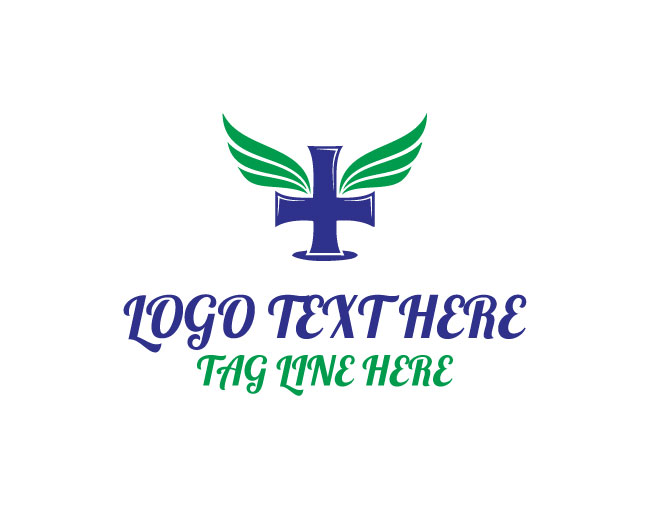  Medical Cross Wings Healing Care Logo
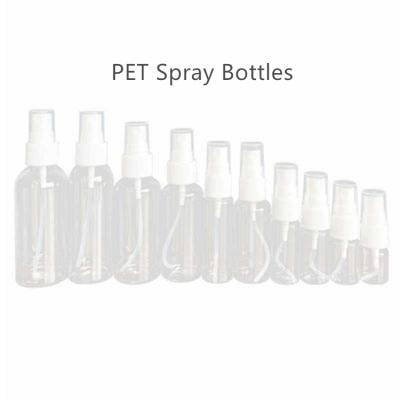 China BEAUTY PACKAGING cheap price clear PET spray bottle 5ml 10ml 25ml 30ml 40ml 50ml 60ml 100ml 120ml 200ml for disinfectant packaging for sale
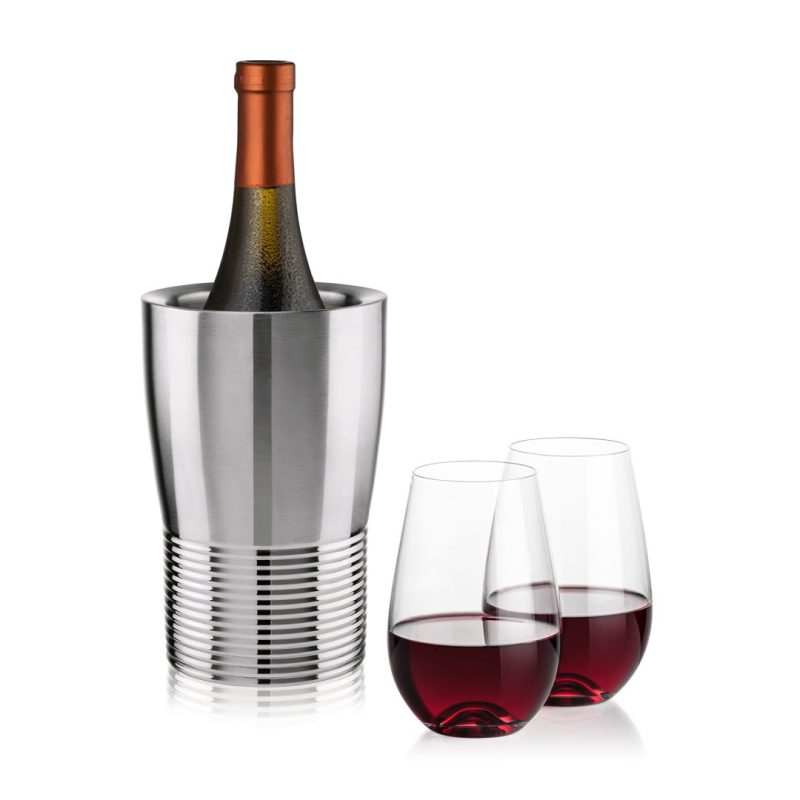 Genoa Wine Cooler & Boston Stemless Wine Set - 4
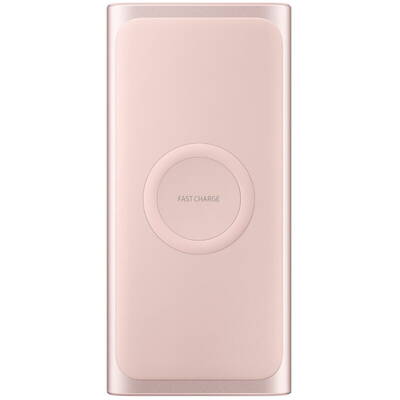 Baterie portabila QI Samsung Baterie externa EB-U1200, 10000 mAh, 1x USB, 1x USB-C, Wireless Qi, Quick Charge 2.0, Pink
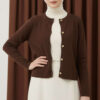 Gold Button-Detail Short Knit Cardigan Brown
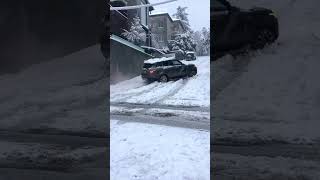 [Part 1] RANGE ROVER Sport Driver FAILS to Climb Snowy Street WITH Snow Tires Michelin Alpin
______________________________
• [EXERCISE DIRECTIONS]
Once the pictures are set aside, output the whole listing exactly.

• [RESULT FOR THIS TASK]
  Medical Cross Wings Healing Care Logo
 China BEAUTY PACKAGING cheap price clear PET spray bottle 5ml 10ml 25ml 30ml 40ml 50ml 60ml 100ml 120ml 200ml for disinfectant packaging for sale
 Genoa Wine Cooler & Boston Stemless Wine Set - 4
 Baterie portabila QI Samsung Baterie externa EB-U1200, 10000 mAh, 1x USB, 1x USB-C, Wireless Qi, Quick Charge 2.0, Pink
 Gold Button-Detail Short Knit Cardigan Brown
 [Part 1] RANGE ROVER Sport Driver FAILS to Climb Snowy Street WITH Snow Tires Michelin Alpin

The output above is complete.